* _ASSIGNED TASK_
When you transcribe the listing, keep each line exact and drop the pictures.

* _ENTRIES SHOWN_
»»
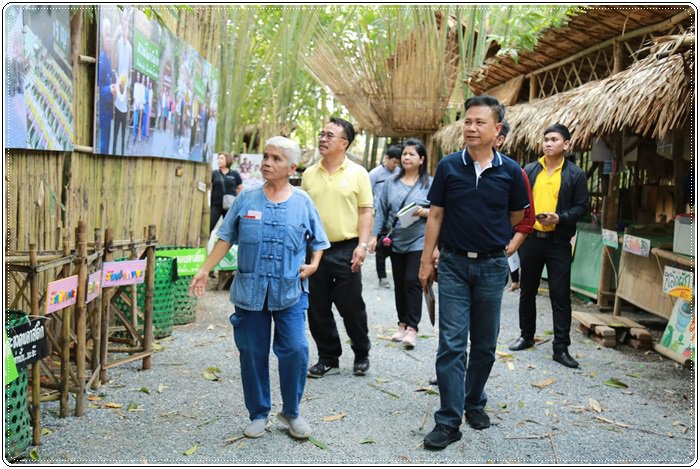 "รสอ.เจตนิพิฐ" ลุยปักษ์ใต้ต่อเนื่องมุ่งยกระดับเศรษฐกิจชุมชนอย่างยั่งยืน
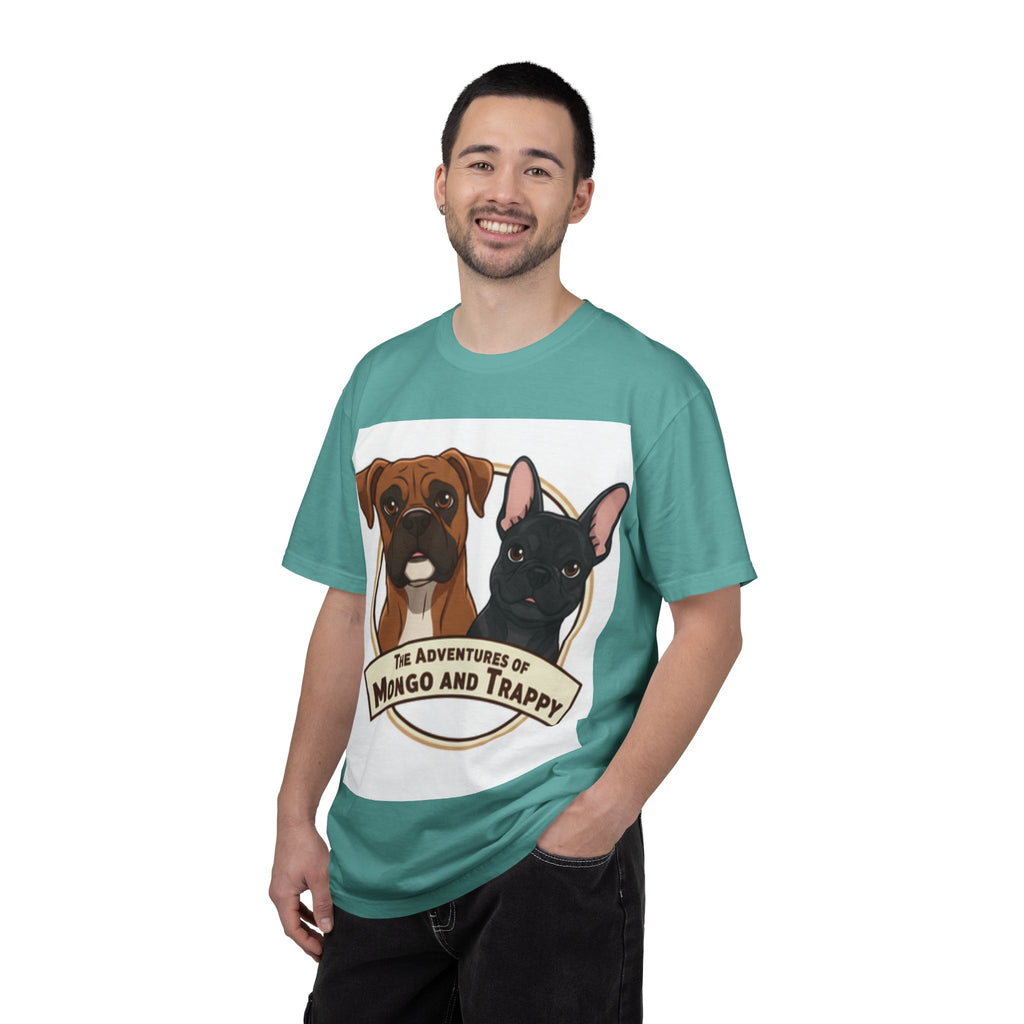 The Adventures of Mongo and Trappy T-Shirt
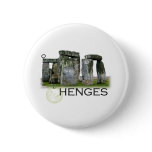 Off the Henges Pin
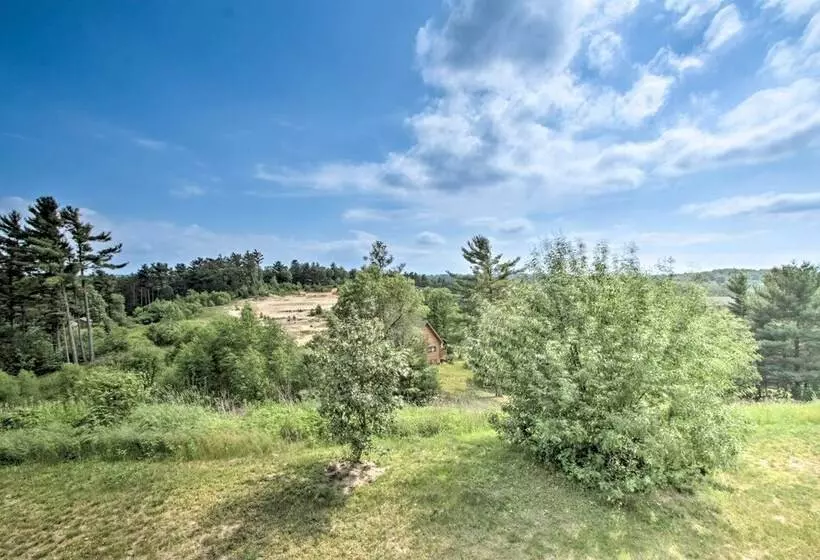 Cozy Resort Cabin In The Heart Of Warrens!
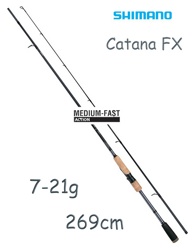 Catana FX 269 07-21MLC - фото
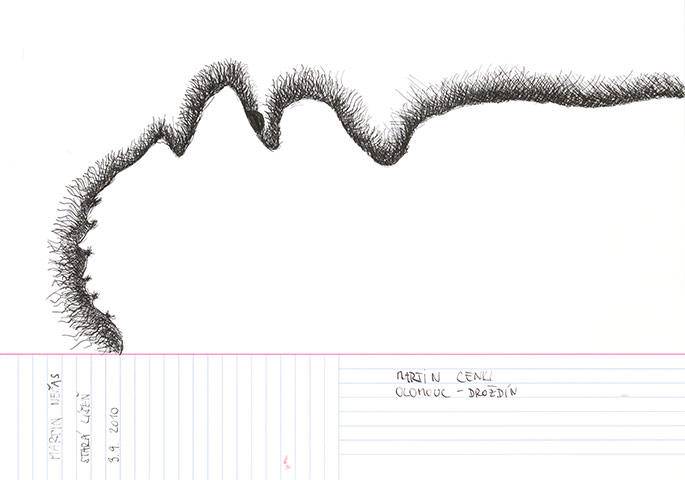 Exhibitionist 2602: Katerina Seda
««
* _ANSWER FOR THIS EXERCISE_
 "รสอ.เจตนิพิฐ" ลุยปักษ์ใต้ต่อเนื่องมุ่งยกระดับเศรษฐกิจชุมชนอย่างยั่งยืน
 The Adventures of Mongo and Trappy T-Shirt
 Off the Henges Pin
 Cozy Resort Cabin In The Heart Of Warrens!
 Catana FX 269 07-21MLC - фото
 Exhibitionist 2602: Katerina Seda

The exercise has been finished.